Okay fine! I was wrong about the lesbian daughter! The narrator is Jake! It's just it's Jake from even further in the future than 2040. And his mother wasn't Helena because, apparently, she was hurt by Dick Grayson's anti-meta(l)-gene bomb that took away most of the powers. I guess she's the "she" he and Alfred were talking about. I'm not shocked that I was wrong. I'm just shocked that Kyle Higgins would give a white male superhero a white male son to rebel against him. What year is this? Nineteen-whitety-white?

Oh! I hope Jake's mother was Starfire! I mean, he's not brown and doesn't have green eyes or red hair and his boobs are pretty small. But maybe?!

I figured it out when I read the cover! Except for the lesbian daughter part. Based on DC's apparent mission statement, I should have known it was about a son dealing with his daddy issues.
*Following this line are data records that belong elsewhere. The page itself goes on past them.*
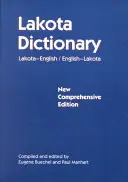 Dicționar Lakota: Lakota-Engleză / Engleză-Lakota, Noua ediție cuprinzătoare - Lakota Dictionary: Lakota-English / English-Lakota, New Comprehensive Edition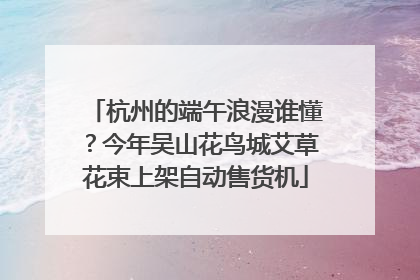 杭州的端午浪漫谁懂？今年吴山花鸟城艾草花束上架自动售货机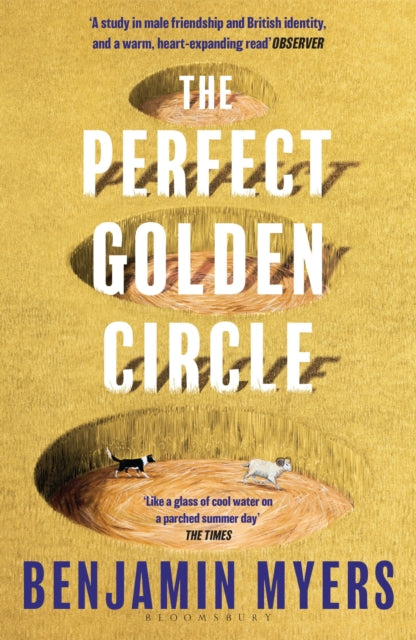 The Perfect Golden Circle : Selected for BBC 2 Between the Covers Book Club 2022 (ISBN: 9781526631428)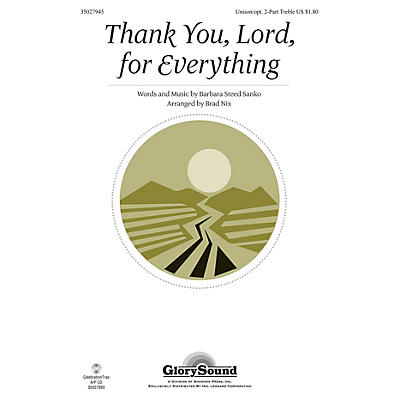 Shawnee Press Thank You, Lord, For Everything Unison/2-Part Treble arranged by Brad Nix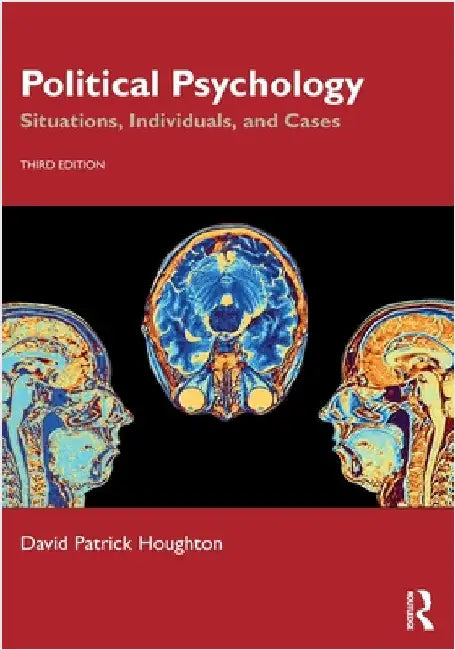 Political Psychology: Situations, Individuals, and Cases by David Patrick Houghton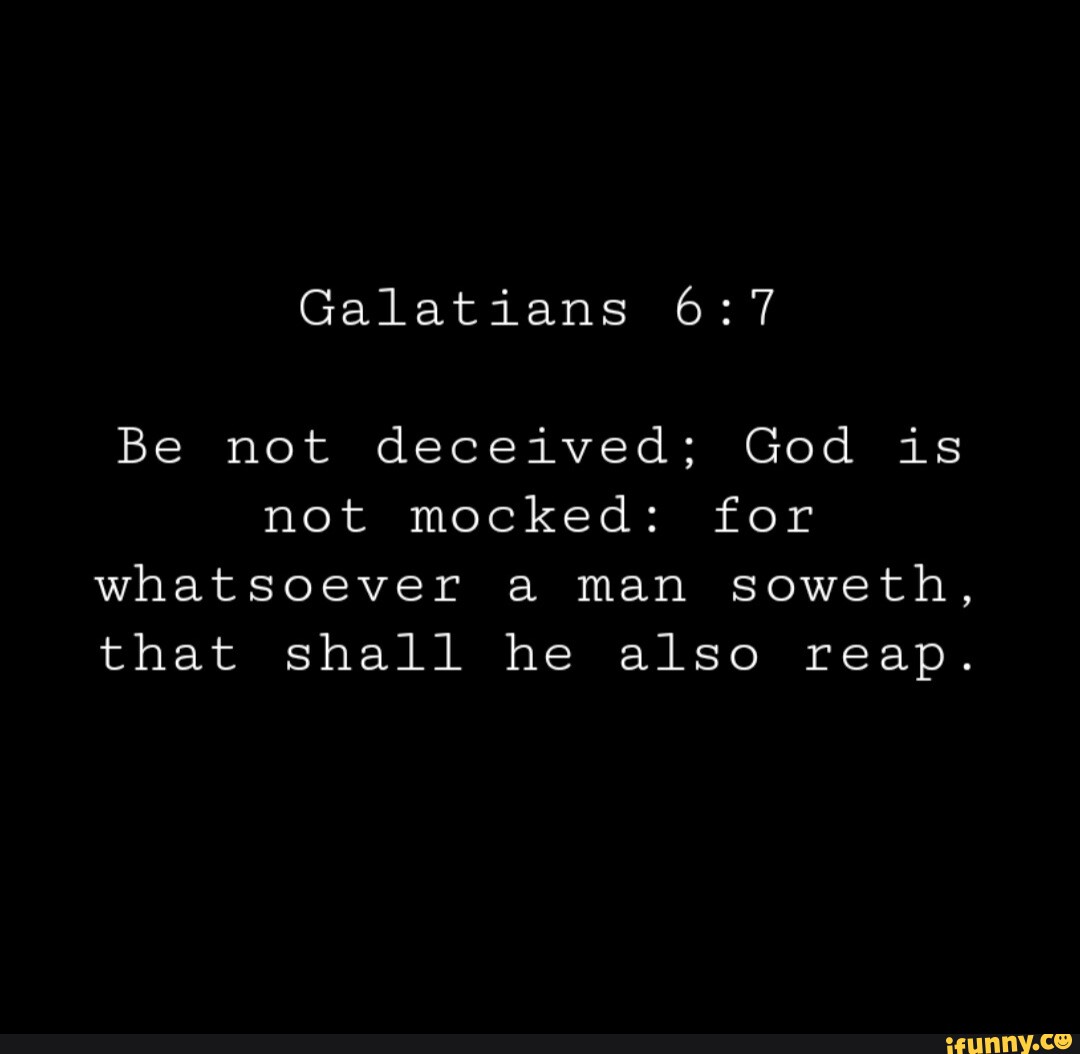 Galatians Be not deceived; God is not mocked: for whatsoever man soweth ...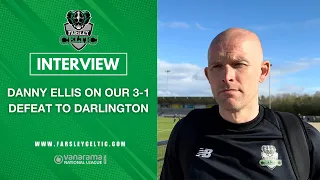 Post-Match Reaction: Danny Ellis vs Darlington (A)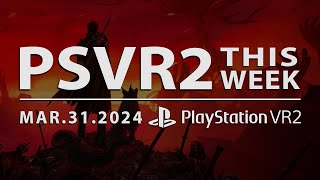 PSVR2 THIS WEEK  March 31 2024  Tons of Updates New Game Announcements New DLC amp More [upl. by Assen878]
So it turns out that in 2040, Jake gained super powers. That's why the narrator sounds like an adult because he's speaking from the future future's future. He probably, as I said earlier about the lesbian daughter who apparently doesn't exist (dammit), founded a new group of Teen Titans to bust his father's ass. I still don't know who Jake's mother is though. Jake's power manifests as red eyes that make red squiggly lines. So maybe Jake's mother was Darkseid? I mean Grail!

What Did We Learn?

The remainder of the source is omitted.